The two datasets were fitted against all kinetic models, which are displayed in the tables above. Each dataset is best described by the irreversible Michaelis-Menten model in terms of AIC and standard deviation on the estimated parameters. Models with product or substrate inhibition resulted in large uncertainties above 80% on the parameter estimates.
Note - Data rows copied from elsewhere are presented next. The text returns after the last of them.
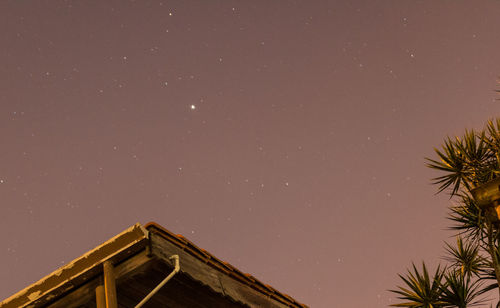 Low angle view of building against sky at night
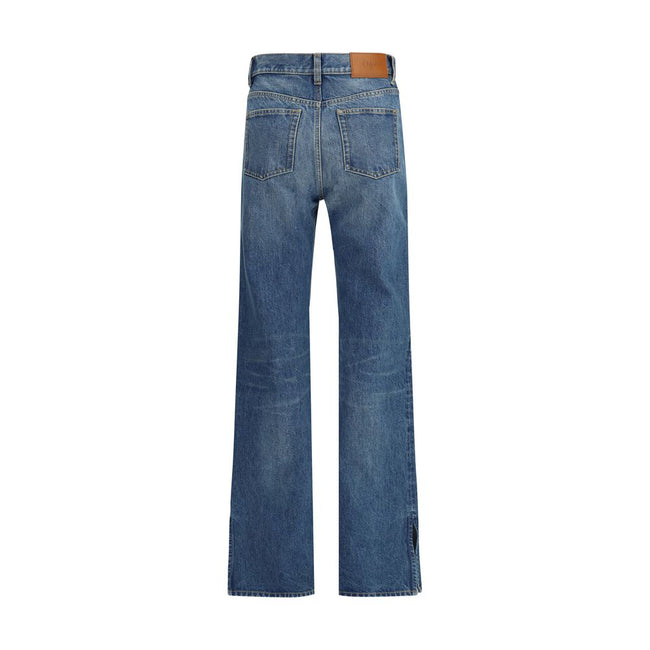 Blue Cotton Straight-Leg JeansThe Organic Cotton Straight-Leg Denim Jeans by Chloé combine tradition and modernity with a refined indigo wash and a slit hem that adds movement to the silhouette. The front zip and Chloé-engraved button fastening enrich the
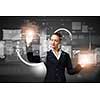 Attractive businesswoman touching icon of media screen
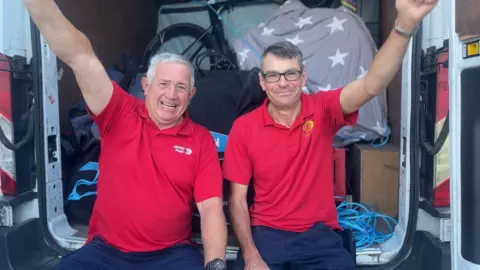 Alan and Toby wearing red tops sat in the door of a van together. They both have one arm in the air and are smiling at the camera. 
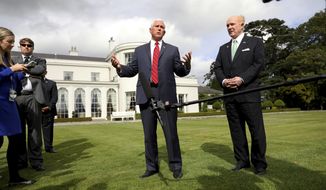 US Vice President Mike Pence, left, and US Ambassador to Ireland Edward Crawford speak to the media at the ambassador&#x27;s residence in Phoenix park, Dublin, Ireland, Tuesday, Sept. 3, 2019. The Vice President is currently in Ireland for a two day visit. (AP Photo/Peter Morrison)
Therefore, irreversible Michaelis-Menten model was utilized for comparison of parameters. \(\frac{k_{cat}}{K_{m}}\) was estimated to be 25.353 min-1mM-1 ± 8.57% for the control reaction of the HSA(WT)-huFc data set and 24.776 min-1mM-1 ± 4.35% for the HSA(M3)-huFc data set. As a result, the two experiments showed to be comparable, since the catalytic efficiency differs less than 3 % between the two data sets.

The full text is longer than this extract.